What you need to do: Reproduce exactly only the lines from the line that holds "Pixel Lite - Open-Source" to the line that holds "Tartan plaid pattern", inclusive, in the listing below, and please leave out every picture.

Provided material:
=== Section Start ===
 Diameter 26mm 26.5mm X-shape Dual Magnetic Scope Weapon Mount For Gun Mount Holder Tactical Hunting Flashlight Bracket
=== Section End ===
=== Section Start ===
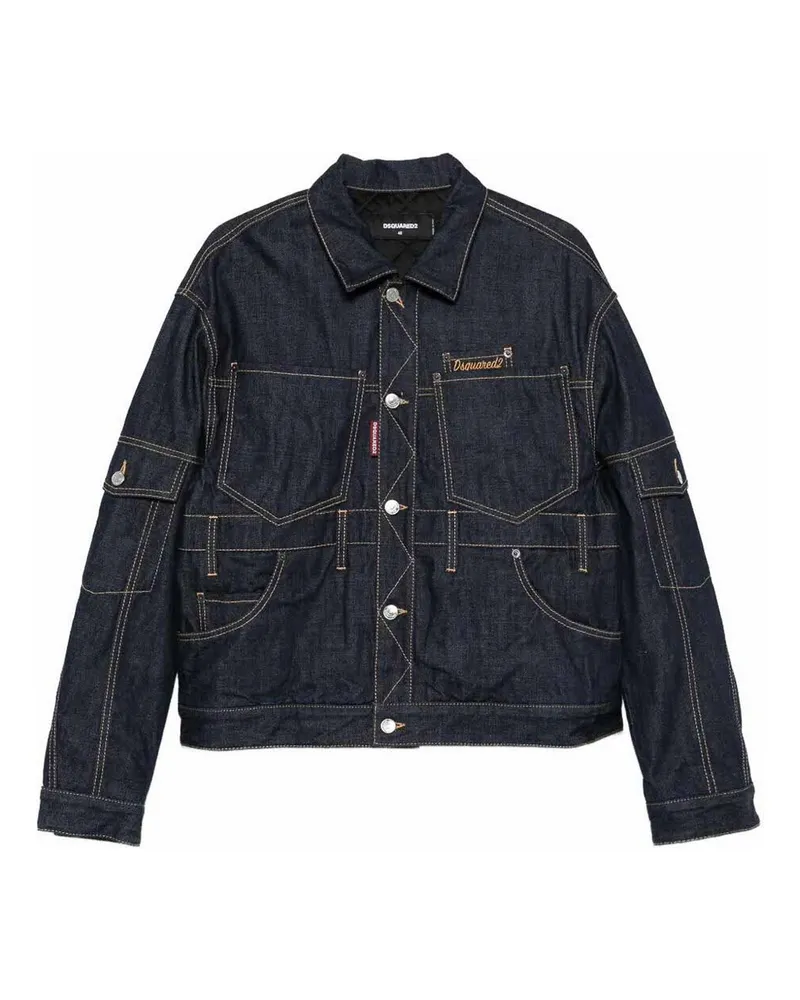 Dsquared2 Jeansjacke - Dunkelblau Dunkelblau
=== Section End ===
=== Section Start ===
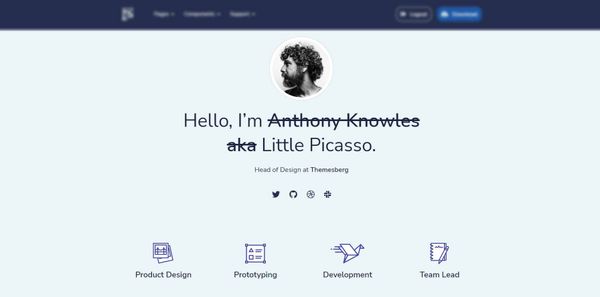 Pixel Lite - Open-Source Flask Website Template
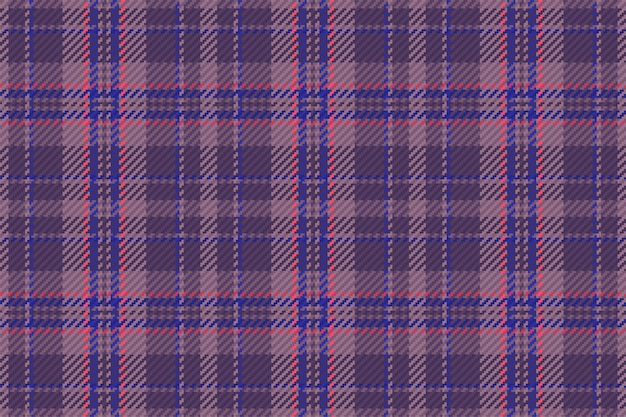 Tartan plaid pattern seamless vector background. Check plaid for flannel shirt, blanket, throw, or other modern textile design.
=== Section End ===
Final answer:
 Pixel Lite - Open-Source Flask Website Template
 Tartan plaid pattern seamless vector background. Check plaid for flannel shirt, blanket, throw, or other modern textile design.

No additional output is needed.